Read the arrows as lifecycle transitions:

- `start` opens a session.
- `step` records completed work and leaves the run open.
- `suspend` ends the current session while the run waits for an event.
- `resume` opens a new session and records the event payload.
- `complete` writes a `complete` entry, making the run `completed`.
- `fail` writes an `error` entry, making the run `failed`.
- `timeout` is checked only when a later `start`, `resume`, or `fork` initializes the run; if the suspend deadline has expired, kassette writes `cancel`,
  making the run `cancelled`.

Only `completed`, `failed`, and `cancelled` are terminal states.

## 4. Replay

Each new session runs the workflow again from the top, but previously recorded work is not repeated.

When `record(name, fn)` is reached, kassette looks for the matching journaled step. If it finds one, it returns the recorded result and skips `fn`. If it does not, `fn` will run and its result is appended as a new `step`.

Each `waitForEvent(name)` call gets checked in the same way. If the journal already has a matching `resume` then kassette simply returns the recorded value.
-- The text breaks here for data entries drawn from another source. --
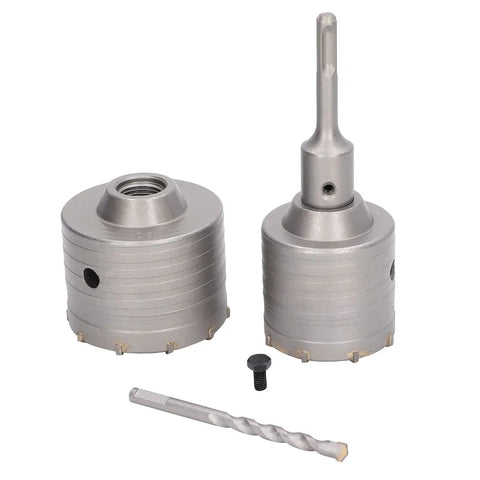Heavy Duty Masonry Hole Saw Set With 2 Giant Cutters For Brick, Concrete Walls And Cement Drilling Tasks Thanks To Durable Steel Body Plus YG8 Alloy Tips That Cut Through Tough Hard Surfaces Like A Champ Every Single Time. 65mm 80mm hole saws with drill bit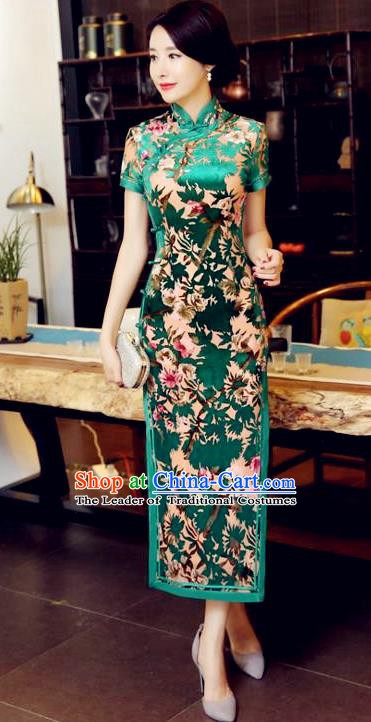 Chinese Traditional Elegant Green Pleuche Cheongsam National Costume Long Qipao Dress for Women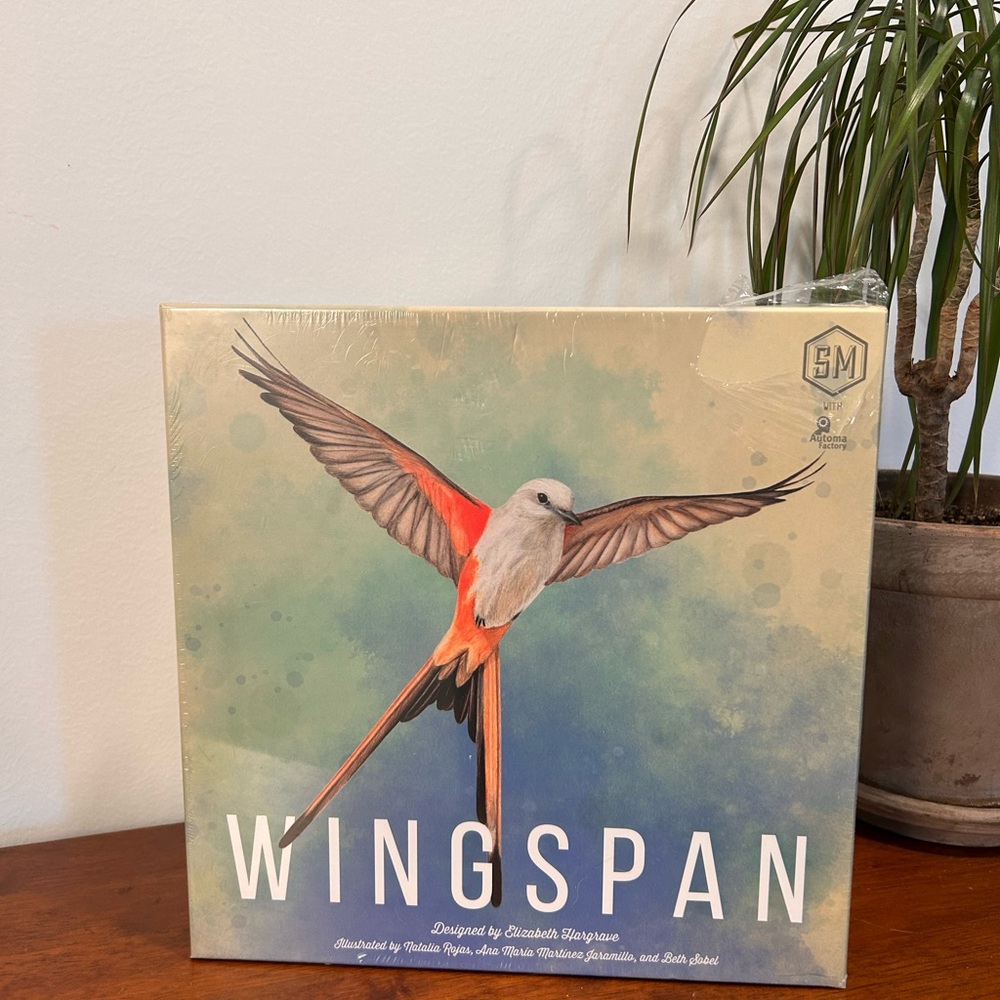 Wingspan Board Game with Bird Illustration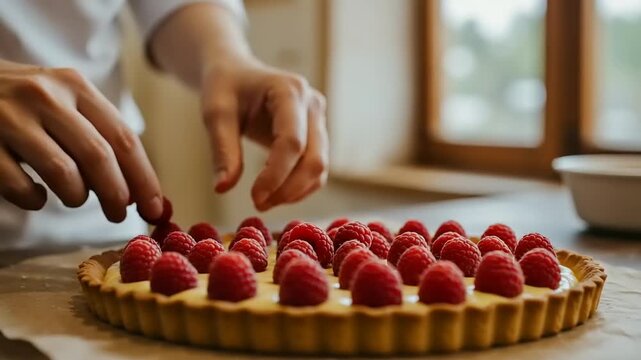 Raspberries being added to a tart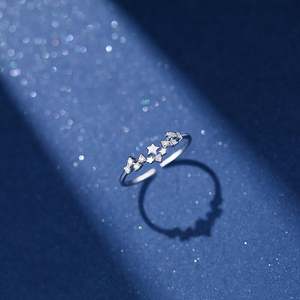 Bague ouverte Jeulia Starry Sky Star en argent sterling - Bague réglable plaquée rhodium avec pierres précieuses - Product Image 2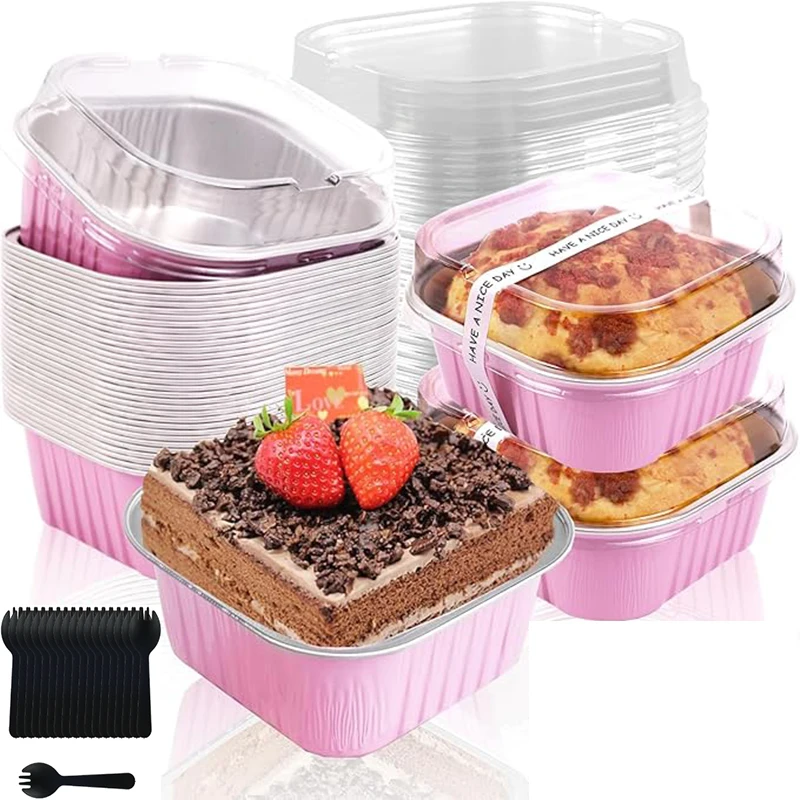 50 pçs cupcake pan folha de alumínio muffin copos ramekins mini bolo brownie assadeiras cupcake forros muffin estanho cozinha assadeiras
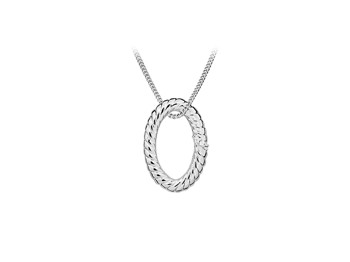 L&G's Vedhæng sølv rhodineret snoet oval zirkonia med kæde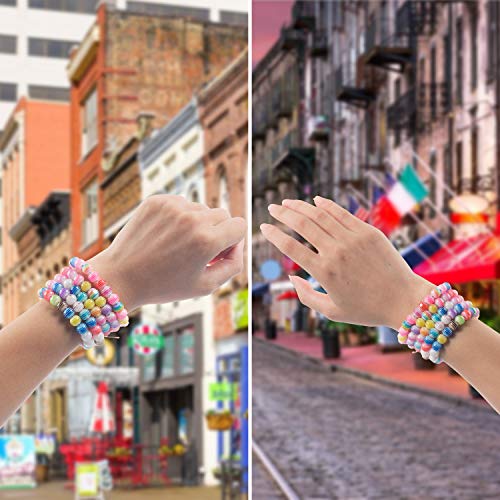 FORMIZON 300 Perlas de Colores con 100 m Elástico Cuerda, Cuentas Artesanales de Bricolaje para Joyería Manualidades, Collar de Brazalete de Regalo para Niños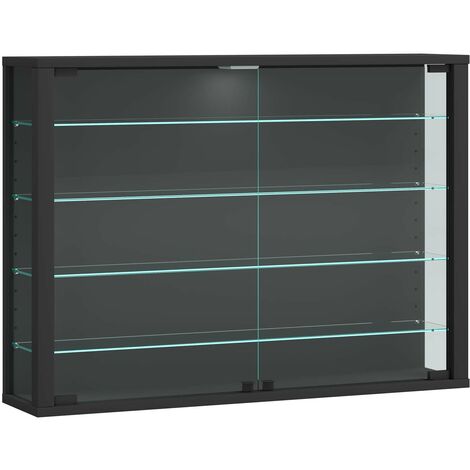 VitrosaL Vitrinenschrank wandhängend 2 Glastüren anthrazit.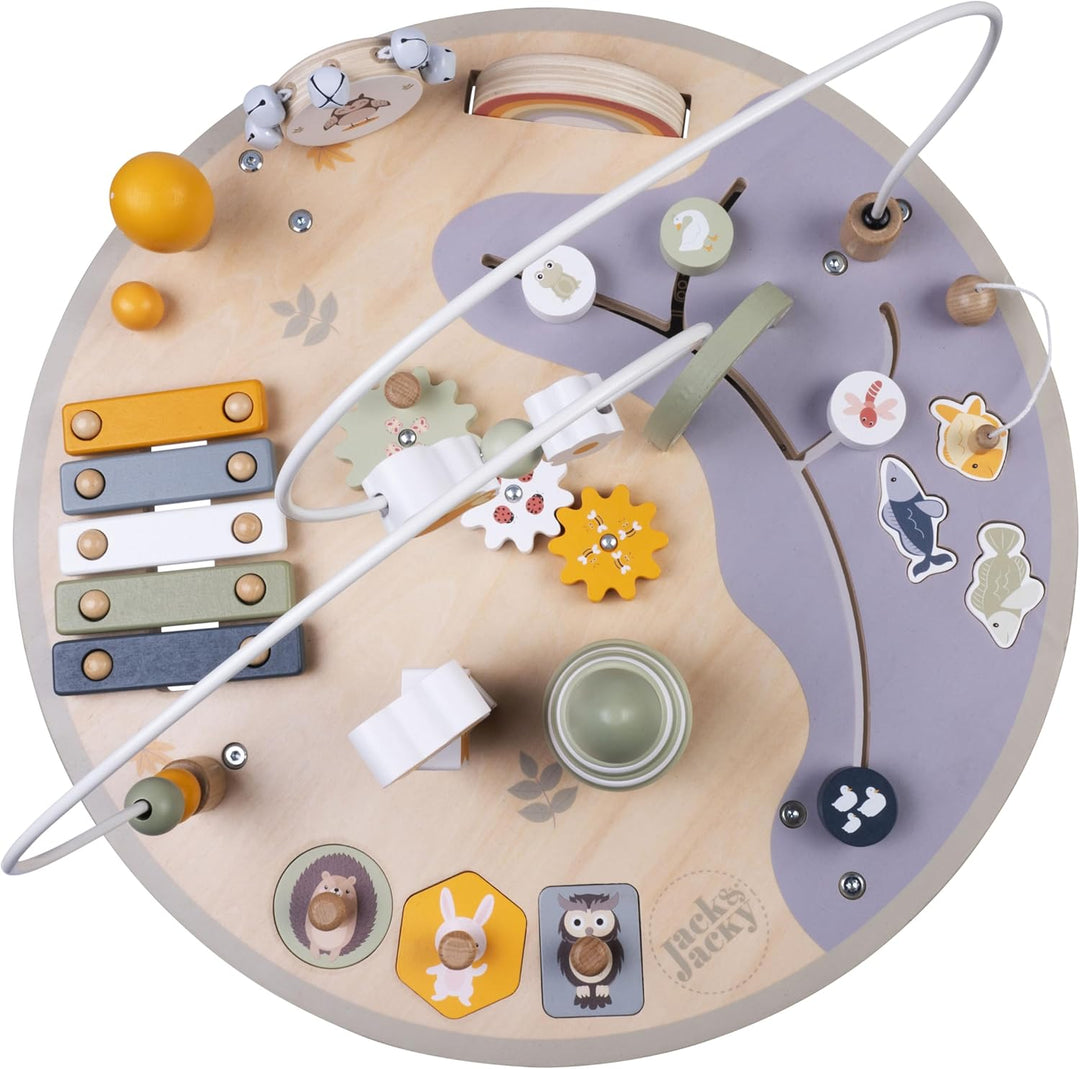 Engelhart - 640030 - Spieltisch aus Holz mit vielen Aktivitäten - Fördert die Feinmotorik - Ab 12 Mo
Otherwise, it writes `suspend` and unwinds the workflow so the process can exit.

Replay is correct only if each session reaches the same `record()` and `waitForEvent()` calls in the same order. Step IDs are positional (`name`, `name#2`, `name#3`), so removing, reordering, or conditionally skipping a call can attach an old result to the wrong code. Concurrent branches need to add scope-based namespacing, see [Concurrency](concurrency.md).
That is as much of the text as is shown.